Ce texte, Brigitte Vaïsse ne le porte pas dans son cœur, loin de là. «Je milite pour que la nouvelle convention fiscale, qui a été proposée par la députée sortante, soit annulée pour revenir à la convention fiscale antérieure», défend la candidate Nupes. Elle déplore le manque d'anticipation des politiques par rapport aux répercussions de ce document sur les travailleurs frontaliers. «On a balancé une nouvelle convention sans se préoccuper des effets qu'elle aura.»

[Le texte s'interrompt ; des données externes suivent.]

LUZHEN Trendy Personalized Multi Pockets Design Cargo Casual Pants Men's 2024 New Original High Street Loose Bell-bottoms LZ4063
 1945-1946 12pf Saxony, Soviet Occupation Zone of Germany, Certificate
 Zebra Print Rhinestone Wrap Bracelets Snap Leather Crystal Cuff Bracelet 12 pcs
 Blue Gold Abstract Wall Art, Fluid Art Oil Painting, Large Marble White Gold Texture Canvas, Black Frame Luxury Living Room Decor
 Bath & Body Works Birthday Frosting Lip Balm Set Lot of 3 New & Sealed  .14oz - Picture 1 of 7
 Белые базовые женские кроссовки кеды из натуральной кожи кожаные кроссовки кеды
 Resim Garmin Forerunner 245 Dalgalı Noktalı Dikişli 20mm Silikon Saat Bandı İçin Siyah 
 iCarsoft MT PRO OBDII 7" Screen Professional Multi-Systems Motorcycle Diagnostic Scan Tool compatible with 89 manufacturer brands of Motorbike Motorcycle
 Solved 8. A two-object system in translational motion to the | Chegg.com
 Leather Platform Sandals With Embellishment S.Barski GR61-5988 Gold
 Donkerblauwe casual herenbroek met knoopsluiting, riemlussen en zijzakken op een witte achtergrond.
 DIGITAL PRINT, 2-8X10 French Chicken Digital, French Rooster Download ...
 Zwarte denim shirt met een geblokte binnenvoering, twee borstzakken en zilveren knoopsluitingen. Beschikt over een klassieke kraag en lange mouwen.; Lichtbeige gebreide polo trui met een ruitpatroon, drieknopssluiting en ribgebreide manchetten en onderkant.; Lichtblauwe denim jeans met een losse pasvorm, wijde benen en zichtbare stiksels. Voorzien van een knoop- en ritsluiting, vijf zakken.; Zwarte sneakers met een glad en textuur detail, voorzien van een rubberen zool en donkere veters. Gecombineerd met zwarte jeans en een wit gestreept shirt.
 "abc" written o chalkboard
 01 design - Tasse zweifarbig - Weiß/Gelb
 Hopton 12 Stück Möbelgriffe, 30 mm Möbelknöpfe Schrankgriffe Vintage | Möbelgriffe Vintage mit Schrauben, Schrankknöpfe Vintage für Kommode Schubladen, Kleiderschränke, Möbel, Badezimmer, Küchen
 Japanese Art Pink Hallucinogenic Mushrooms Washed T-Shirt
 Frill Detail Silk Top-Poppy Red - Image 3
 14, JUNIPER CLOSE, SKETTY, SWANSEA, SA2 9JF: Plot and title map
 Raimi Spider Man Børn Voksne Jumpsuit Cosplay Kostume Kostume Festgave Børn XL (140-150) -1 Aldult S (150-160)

De son côté, Lucas Grandjean salue la suspension du texte. «Selon l'OGBL, 40.000 à 50.000 personnes seraient concernées par cette hausse des impôts. Cela veut dire que de nombreux ménages et pensionnés ont une certaine appréhension quant à l'impact que cette convention pourra avoir en 2023», avance le candidat LR.
En cas de suspension seulement temporaire, il s'interroge sur la manière dont seront dépensés les impôts supplémentaires perçus. «Il pourrait être pertinent de redistribuer cet argent aux communes et aux départements au prorata du nombre de frontaliers afin qu'il serve dans des projets visant à améliorer la qualité de vie des frontaliers», propose le candidat.
Une étude d'impact
Cette convention fiscale est même qualifiée d'«injustice», par Stéphane Reichling. Le candidat Rassemblement national sur la 9e circonscription mosellane estime que le texte est inégalitaire. «C'est la double peine pour les couples, car ce sont ceux qui gagnent moins qui paient le plus.» Pour lui, le texte est à revoir, et c'est une position qu'il compte défendre s'il est élu.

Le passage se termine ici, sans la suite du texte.